|Posted by Jonathan Leithold-Patt on October 9, 2014 at 12:10 AM|
GONE GIRL ***1/2
IDEA: Nick Dunne returns home on his anniversary to find his wife mysteriously missing, commencing a police investigation and a media circus that implicate him in her murder.
BLURB: Gone Girl is a deliriously trashy psychological thriller with lacerating sociological implications, a funhouse mirror whose distortions endeavor to cut right through reality. In other words, it’s satire, but a particularly smart and deceptive one: Fincher and Flynn have effectively turned the framework for a B-grade pulp story into the fulcrum upon which layers of irony and social commentary pivot.
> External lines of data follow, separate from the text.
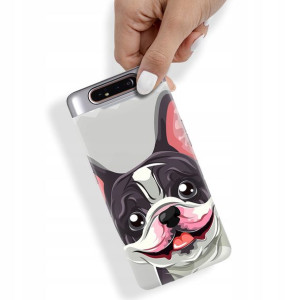 Etui do SAMSUNG A80 Case Pieski Kotki Top Wzory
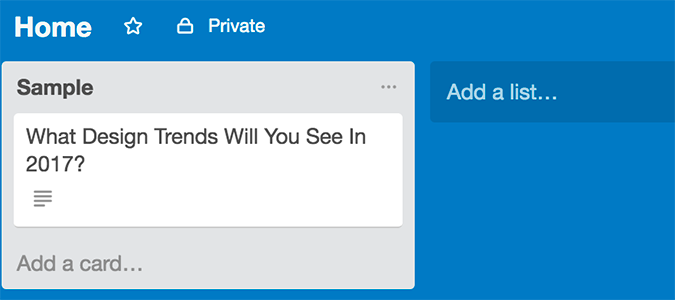ایجاد کارت با ایمیل در ترلو - گام ابتدایی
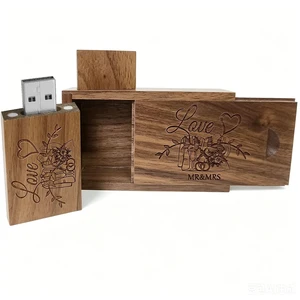 TATMOHIK Wood USB Flash Drive 64GB USB3.0 Wedding Flash Drive with Tiny Box TATMOHIK Wood USB Flash Drive 64GB USB3.0 Wedding Flash Drive with Tiny Box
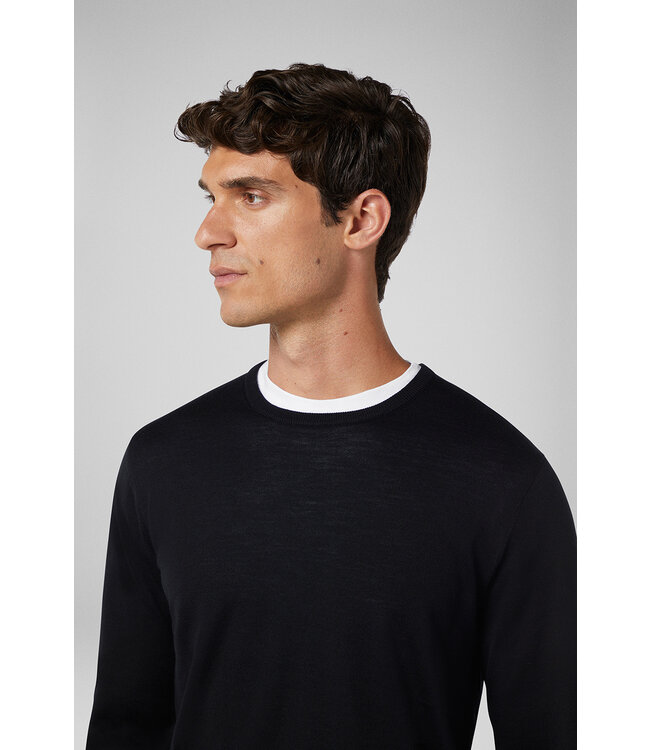 PAL ZILERI EFFORTLESS CREWNECK IN LIGHT WOOL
Their often abrasive employment of tropes, their alternate reveling in and upending of gender stereotypes, and their increasing unraveling of narrative logic, in which credulity is forcefully and unapologetically strained, serve the dual purposes of galvanizing audiences’ attentions and making them vividly cognizant of the representations – in the media or otherwise – they are so ready to accept and reinforce. Despite its slight bloat and disappointing lack of visual ideas, Gone Girl is absolutely ripe with subtext, a sneakily self-aware examination of false appearances and culturally perpetuated representations that is constantly presenting itself one way and then defying itself the next. How we react to it corresponds with what it says about us, as a society seemingly always posing questions and absorbing images, but rarely actually seeing.